Almost two years ago, I have started to work on an upgrade of the site to Drupal 5. That was "of course" never complete, so early this year, I've started to push for updating it to Drupal 6 finally, and got momentum among the other editors/managers of the site, so we worked hard in the little spare time we had to get it to launch. Our efforts reached the actual live upgrade this past weekend.
This site helped me fix up and enhance commentrss module and Localization client over the past two years, directly benefiting the community. As far as our custom modules go, it was a bit frightening effort to port our custom Drupal 4.6 modules to Drupal 5, however it was a piece of cake to port Drupal 5 modules to Drupal 6 with coder module.
Because our first priority was to relaunch on Drupal 6 instead of 4.6, we dropped some of the less used features, avoided toying too much on the design, and concentrated on retaining data and getting the site run on a modern backend system finally.
One interesting thing I developed way back in 2007 however was the direct update mechanism. Drupal 6 lacks some of the old update functions, so I needed to copy them back, and there were two places where I needed to patch the old update functions (avoid menu_rebuild() too early before the new menu system is in place and avoid calling node types from the database before they are in there), but otherwise it was a great experience to just copy the old Drupal 4.6 database, hit update.php and the whole update process just run.
Due to the timing of our update efforts (and our diligence to update to the latest and greatest Drupal versions, given that we might not have time to do so for some time again), we were in the unfortunate position to never be able to use CCK and Views, due to no stable releases available of these fine modules. So if you expect a nice use case of porting 4.6 custom stuff to CCK and Views, I need to disappoint you. What we did, is that we ported custom node types to the build it node type system, we ported our custom file upload code to the since then built in upload system and a custom filter for Drupal 6, so that our attachments included in posts will still work. We kept custom code to list stuff in our jobs section or in our books area though. In cases when modules were available however, it was just so nice to be able to get new features developed through the past years by others. Oh, the wonders of building on an open source framework!

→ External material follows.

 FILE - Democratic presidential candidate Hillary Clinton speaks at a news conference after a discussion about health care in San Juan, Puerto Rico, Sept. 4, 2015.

One interesting tidbit is that we keep using the tracker style which was available way back up to March 2004. This old style tracker lists comments to a post, compared to just listing their numbers in a boring table. This also allows displaying individual read information for users, as shown on the picture. To my best knowledge, this was removed due to performance reasons. Querying all related comments for all displayed nodes takes some power for sure. What we did to remedy part of the issue is to hide most read comments on long threads for logged in users, so they get a more compact view and the site eats less power.
We almost kept our self-promise to not add new features. One small new feature we've added however is of great help to site admins. Inspired by Flickr's in place title and description editing and by the doubleclick Drupal module, we've developed in-place editing for node titles, so we can touch up quickly on mistakes and typos. This feature consists of a little bit of code on the theme to mark up editable titles, JavaScript to replace titles with an input field, some AJAX to send it over to the server and a very small module to save the node title coming in (if the user has permission to change node titles). It would be a piece of cake to contribute to the dblclick module but the only problem with it is that it is heavily theme dependent. How you put the input field into the page depends highly on the markup used to display node titles, and that could vary quite a bit on different sites. I'll try to find the time to write up an article about it though.
I am happy to see almost two years of little bits of spare time work pay off, and I am hopeful our efforts will help put Weblabor.hu on a growth path again.
Ps. The logo in the site header is one we actually created in real life (although it did not become as good as we hoped it will be).